Saturday, March 17, 2012

Paste Me A Column

Have you ever needed to paste one chunk of text linewise besides another column? The *nix tool, paste, does this nicely and is the recommended way to solve this problem (and is demonstrated in solution #2). In this article, I attempt to compare various approaches to solving this problem in Vim.

Two Data Sets

Data Set 1: (possibly in a file called data_set_1.txt)

  if
  don't
  say

Data Set 2: (possibly in a file called data_set_2.txt)

  you
  know
  so

(goal): (possibly clobbering data_set_1.txt)

  if    you
  don't know
  say   so

(actual tab separators are not necessary — a single space is sufficient)

NOTE: I am assuming that all data-sets are equal in length (number of lines)

Solutions

1. (insert mode) — hand editing the column of data

Certainly the lowest-tech solution considered here, and for small data sets, probably the fastest solution. For larger or complicated data sets, though, this solution is just not workable.

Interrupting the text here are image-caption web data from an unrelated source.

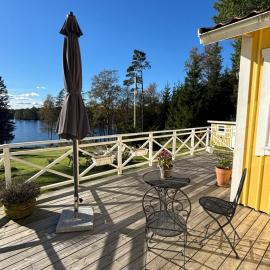 Stunning lakeside home with sauna surrounded by nature، فندق في Sandared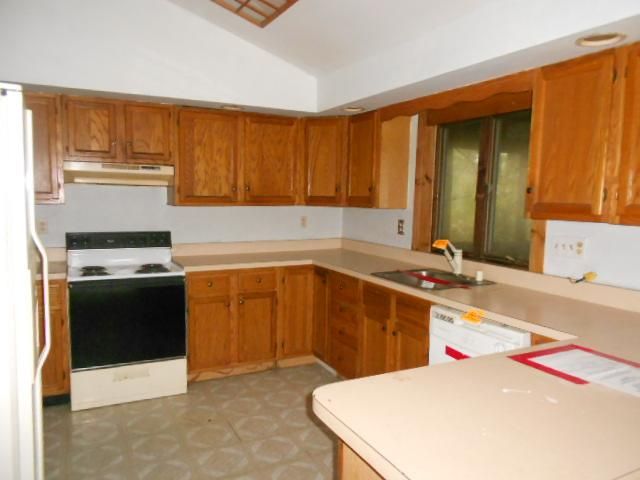 28 Cabin Still Rd, Delta, PA 17314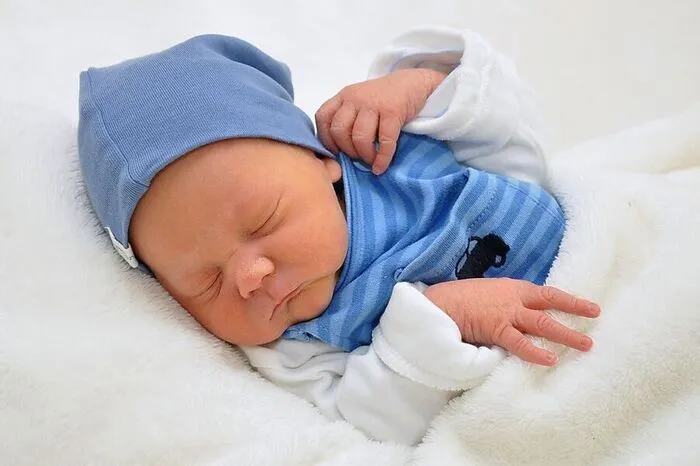 David (2914 g, 52 cm) erblickte am 12. Februar um 14.49 Uhr im LKH Villach das Licht der Welt. Er macht das Glück von Sandra Wusche und Daniel Partoloth aus Villach so richtig perfekt.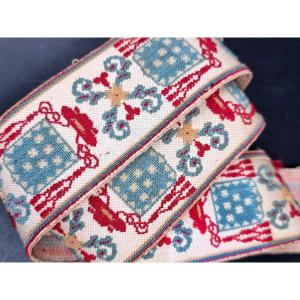 ruban galon ornement de livrée brodé d'armoiries d'écus de la famille Altieri Vincenzo Maria 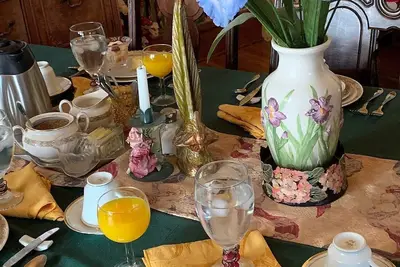 Image de Cozy 1895 Victorian, 5 minute walk to historic downtown and Mississippi River\n
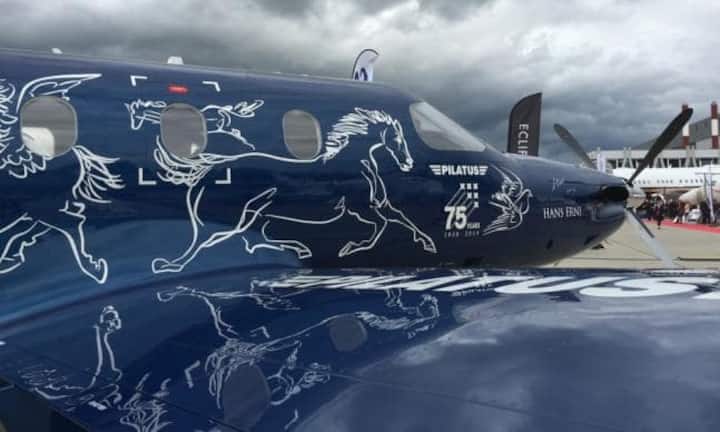 Für Pilatus ist die Ebace gewissermassen ein Heimspiel. Gezeigt wird unter anderem ein PC-12 mit Sonderlackierung. Gestaltet wurde der Flieger zum 75-jährigen Jubiläum der Pilatus Werke vom kürzlich verstorbenen Künstler Hans Erni.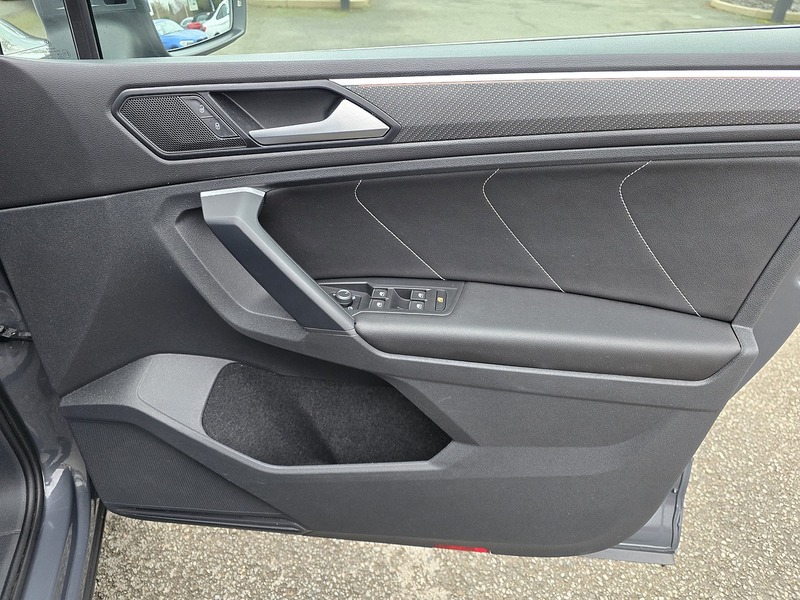 Volkswagen Tiguan TSI R-Line - U91595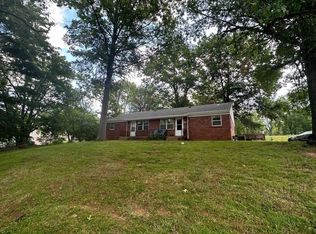 242 Ries Rd #1, Ballwin, MO 63021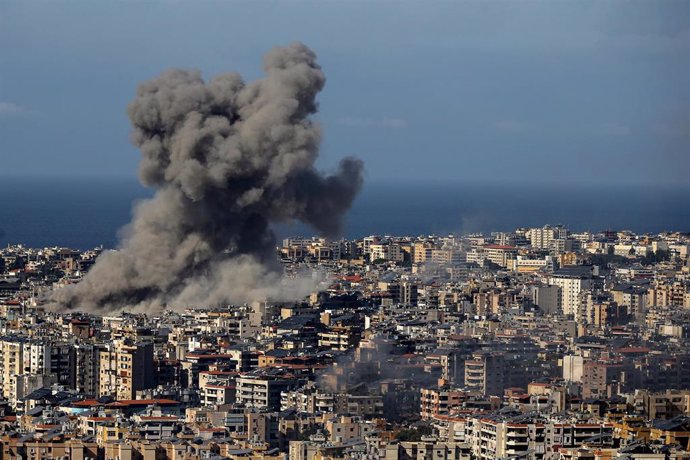 Columna de humo tras un bombardeo del Ejército de Israel contra la capital de Líbano, Beirut (archivo)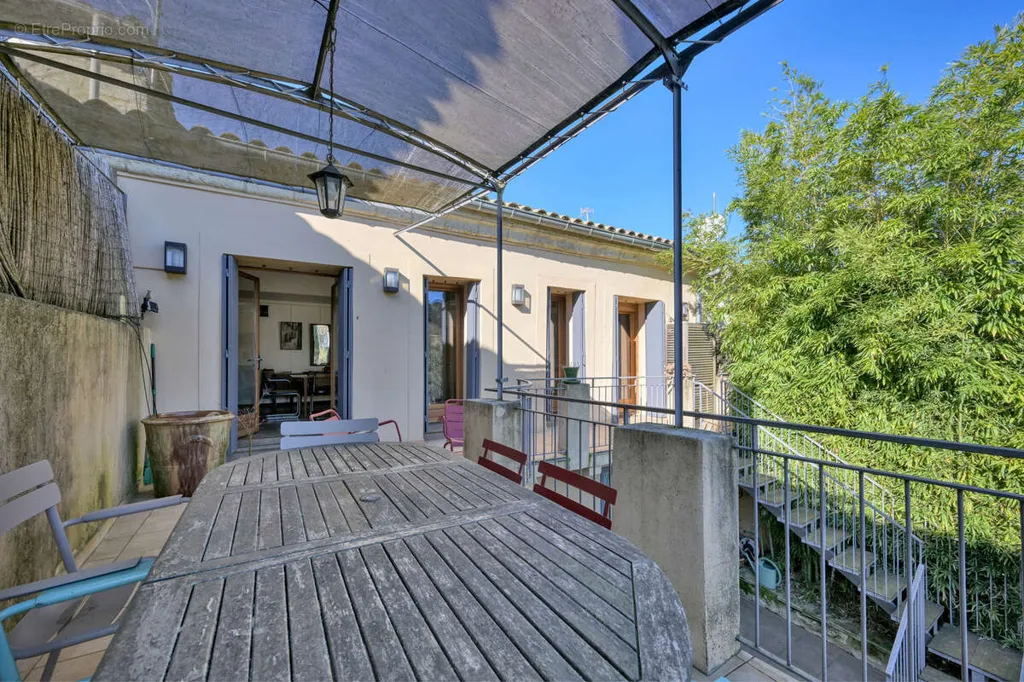 Terrass - Stone House with Panoramic View in Sommières
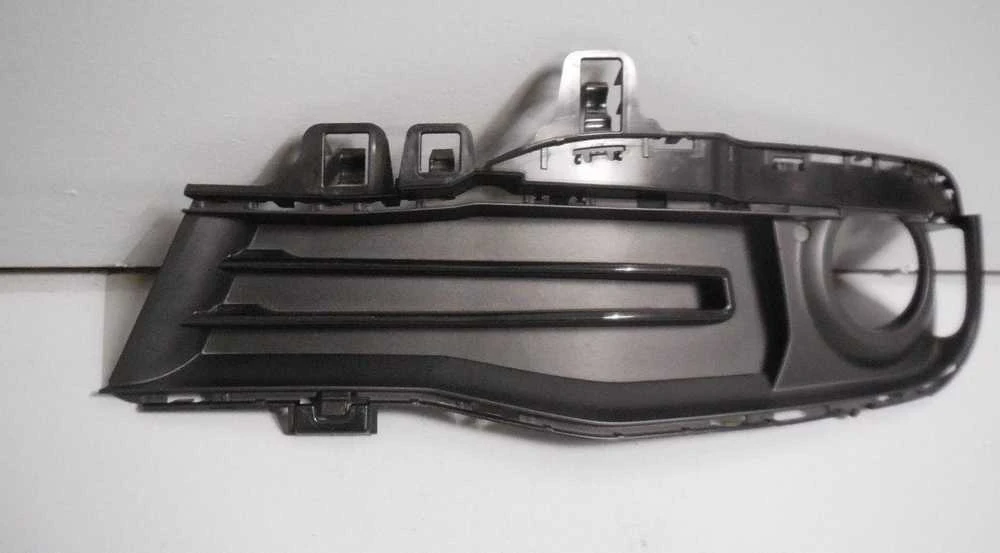 BMW 3 serijos F30 F31 LCI priekinio kairiojo rūko žibinto grotelės 51117396857 originalios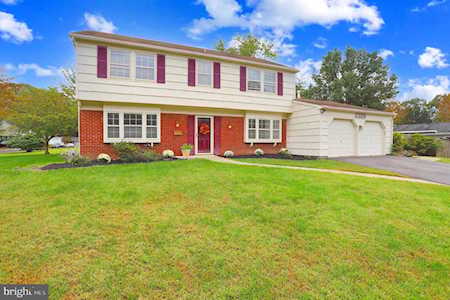 13205 Yorktown Dr Bowie, MD 20715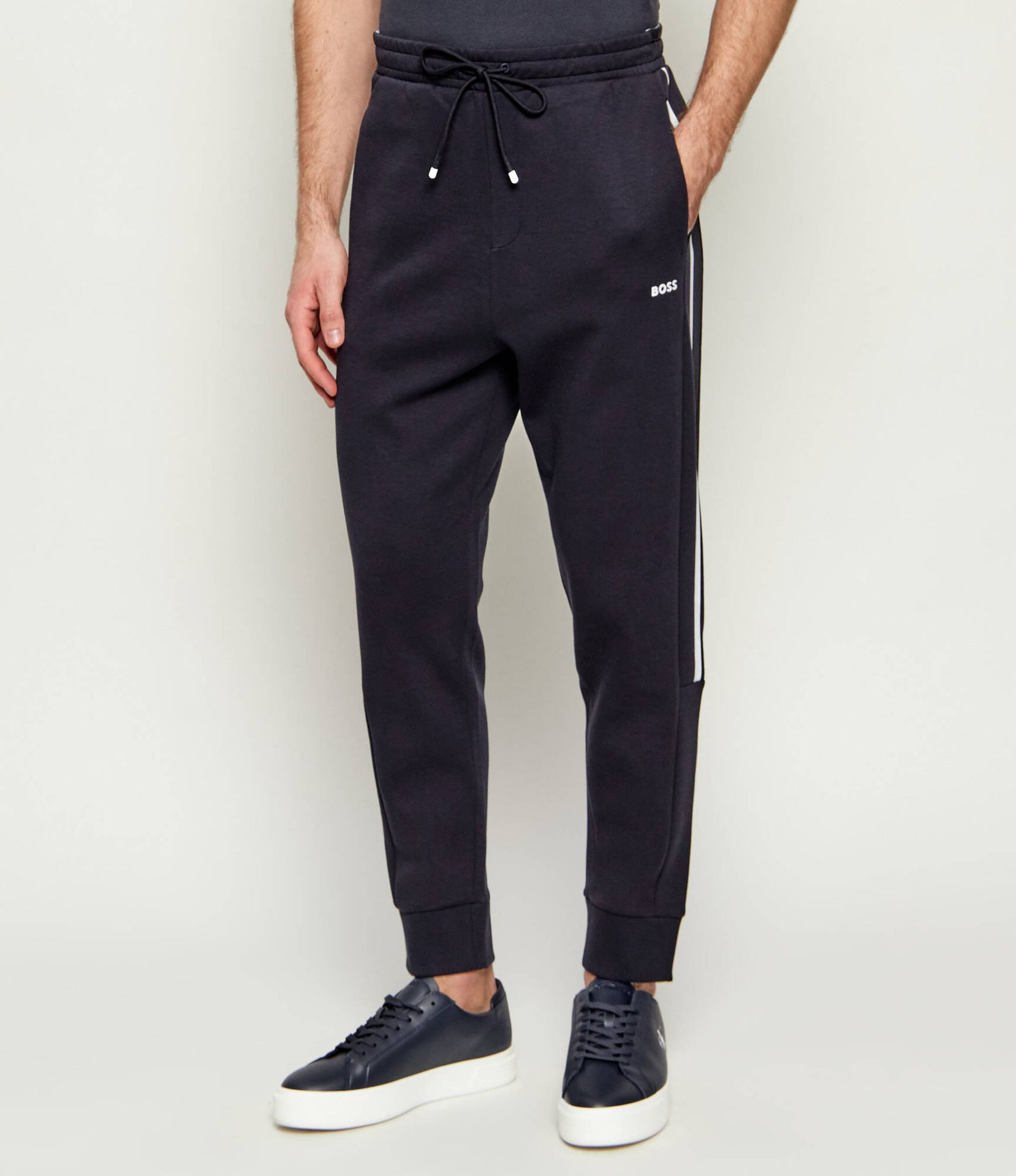 BOSS GREEN Spodnie dresowe Hadikonos Regular Fit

It's mentioned here only for completeness.

The following solutions all assume that the current buffer holds data_set_1.txt and the alternate buffer holds data_set_2.txt

2. (external command) — :!paste

  :%!paste - #

NOTE: The - tells the paste command to read data set 1 from the standard input stream — which is being sent to paste by Vim with the   :%   part of that command line (in a range, % means every line in the buffer).

If you don't want to load data_set_2.txt into the alternate buffer, you could instead use:

  :%!paste - data_set_2.txt

You'd want a really good reason not to be using this solution. It's the shortest, fastest, most reliable solution presented here. If your operating system doesn't offer you a paste command, then you can download yourself a real one for free.

This solution requires at least the second data set to be saved in a file and not just represented as a clump of lines further down in the same file. In that situation, you can either cut them out to a separate file and use the :!paste command, or look at some of the following approaches.

3. (normal mode commands only) — using blockwise cut & paste

  ctrl-6                  " switch to the alternate buffer (data set 2)
  1G 0                    " move to line 1, column 1
  ctrl-v G $ y            " blockwise yank data set 2
  ctrl-6                  " switch back to buffer holding data set 1
  1G                      " move to first line
  A<space><esc>           " append as many spaces as necessary past
                          " longest entry in left column
  p                       " (blockwise) paste

Next to hand-typing the data in, this is the most labour-intensive approach, especially if you have many paste operations to do. Some of the later examples have a costlier setup (having to type more initially), but will execute faster over anything more than a very few paste jobs. If you only have to do one, this solution might not be too bad. Another problem with this solution is having to ensure that you paste past the longest entry in the left column by padding with spaces beforehand.  This is clumsy, frustrating and prone to cause blunders if not boredom.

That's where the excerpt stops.